LEED And The Growth of Green Construction

Have you ever heard the term LEED? If you aren’t in the construction or real estate businesses, you may not have. LEED is a program that measures sustainability in construction and real estate. It isn’t exactly new, as it’s been around since 2000, but it’s growing steadily. Read on to find out more.

What Is LEED?

Leadership in Energy and Environmental Design, or LEED, is a system to rate the ‘greenness’ of buildings. Nearly 80,000 projects have participated in the program, which spans 162 countries. LEED is considered the best model for sustainable construction. The system was introduced in 2000, and has been growing at a slow but steady rate ever since. LEED falls under the realm of the USGBC. The USGBC does not actually endorse or certify services, companies, or products, nor do they track data related to products. LEED focuses on the environmental impact of buildings, based on several factors. They award credits based on specific performance factors, which is determined by project teams.



LEED started as a way for new construction to measure sustainability, and to promote sustainability and energy efficient practices. However, it was soon expanded, and now there are other ways for businesses to become LEED certified. Our services, which deal with recycling old materials, falls under this category.

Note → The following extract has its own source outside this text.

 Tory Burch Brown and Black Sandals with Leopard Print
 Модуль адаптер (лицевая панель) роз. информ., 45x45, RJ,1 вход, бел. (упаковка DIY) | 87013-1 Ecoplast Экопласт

Between 2000 and 2006, USGBC registered an average of 60 projects a month. By the end of 2006, about 5,000 projects had been included. By 2008, this number had grown rapidly, and included about 18,400 projects. By the start of 2009, there were about 700 projects being registered every month, including about 2,200 commercial projects. As the green movement began to grow, the numbers also rose. During this period, there were about 75,000 professionals registered in the project. Support for the movement continued to grow, persisting even through the real estate crash and the subsequent recovery of the market.


Community Impact

LEED, as mentioned above, now encompasses thousands of projects, including sports arenas, museums, concert halls, and theaters. One shining example of LEED construction is Nationals Park in Washington D.C. This is wonderful to see, because these large buildings tend to use a lot of energy and resources, and produce quite a bit of waste. They are also very visible, so their environmentally-friendly stances also promote green values and practices in their local communities.


LEED Options

Did you know that choosing to recycle old roofing materials can help you gain LEED credits? Choosing sustainable, eco-friendly options for disposal is one small step in construction or remodeling processes, but it’s a key part of a growing movement, and is a wonderful way to keep your materials out of harmful landfills.